That’s one hell of a door dent she’s leaving…
Not everyone has an ass with a soundtrack by Tina Turner.
Somewhere, on the other side of the internet, the Michelin Man is masturbating furiously to this picture.
I’m only allowed to like this once. I would like it more if Fish would let me.
I thought it was OK, but it didn’t cross my threshold for a thumbs up. So I donated mine to you Uncle Phil.
Yeah, and he’s probably looking at the tire on the SUV.
Looks better WITH the flour…. it’s not just for finding the wet spot anymore!
Jim Lee’s designing yoga pants now?
At least Jessica Simpson has an excuse
This pig is getting a little old for tight clothes…
Can any one else see Scooby Doo’s chin?
You fucking fat cunt you, lol !!!
It’s like a peach stuck on two toothpicks.
Doesn’t she realize how bad her ass looks in that stretched out black nylon fabric? How many people honestly think that looks sexy? In fact, how many people don’t find her at least mildly repulsive in this photo? It’s like the Emporers’ new clothes – she looks really gross the way she dresses, but nobody will tell her because they don’t want to be fired.
she thinks her ass looks fabulous. i can’t imagine why.
Titanium spandex.
On the bright side, if one was to stick a wick up her ass, one would have an oil candle for life.
New meaning to the phrase “Park your ass here”?

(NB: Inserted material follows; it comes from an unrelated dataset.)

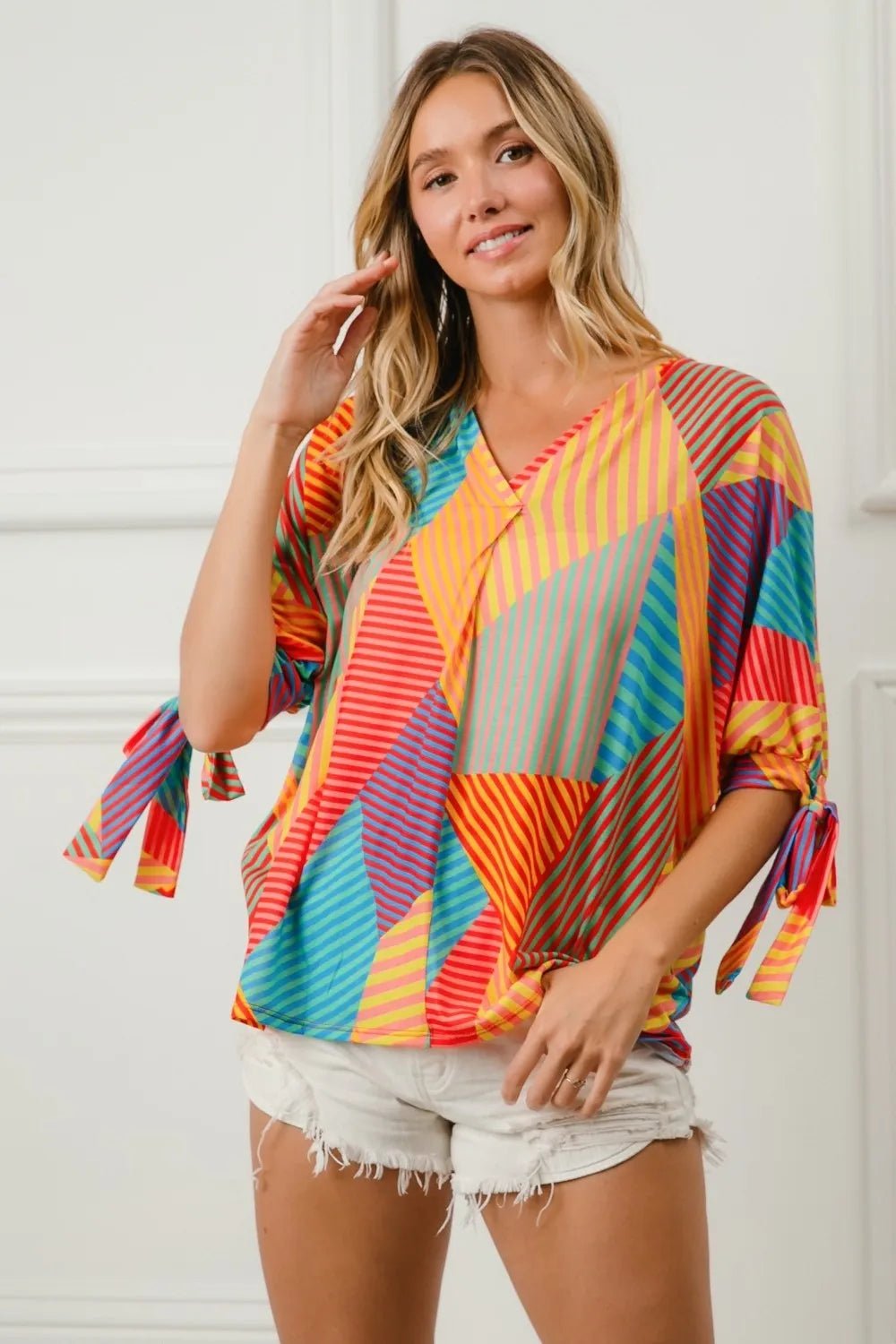 Crowned Energy CO. RED/YELLOW/GRN / S Trendsi Tops/Blouses & Shirts BiBi Multi Stripe Block Printed Jersey Blouse with Tied Sleeves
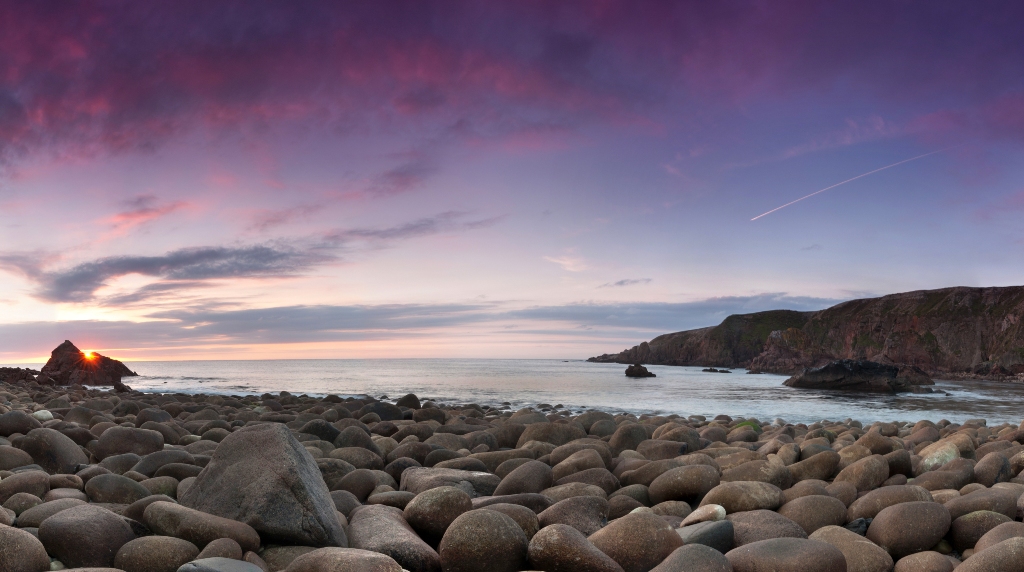 Sunset over pebble beach with waves breaking against cliffs at Bloody Foreland, County Donegal.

No parking there, just few bumps and run.
that is no moon! it’s a space station!
I think you got it the wrong way round, Fish: That looks more like Los Angeles is in Kim Kardashian
Kim is the only person I have ever seen who’s body shape looks more normal in a distorted/funhouse mirror.
I think she needs to add high performance shock absorbers and a full lift kit to make that ass work. One word: Ewwwwwwww
“That’s a huge bitch!” … Beep … Beep … Beep …
It’s like the longest 15 minutes of fame…….ever.
Somewhere a marketing manager at Land Rover is saying ‘Our market positioning is missing it’s mark!’
And somewhere else, a clerk to the Royal Family is sending a cease and desist letter to Land Rover about all the ‘By Appointment To…’ crap.
Is that her camel toe?
Does she have a licence to drive that semi?
Am I the only one who finds it ironic that, from the waist down, she looks like a black microphone?
MOO
as she backs up, you can hear the beep beep beep warning sound
I can just imagine the smell in those non-breathing spandex stinky pants! gagggggg!
and that’s the end of the yoga pants craze….thanks a ton,Kim.
Next time our professor asks about experiences with gravity…
i can’t believe i’m about to type this, but paris hilton was right. her ass does look like cottage cheese stuffed in a trash bag. it’s just entirely unappealing.
Just threw up in my mouth!!! That Bitch is nasty as can be!!!
She seems to have forgotten her skirt.
Many men like women with big butts. Outside from how she became famous or how she makes money, she is attractive.
they could make so many parodies of that kobe bryant,
richard branson commercial w this ho.
“… but have you achieved success at success at success?”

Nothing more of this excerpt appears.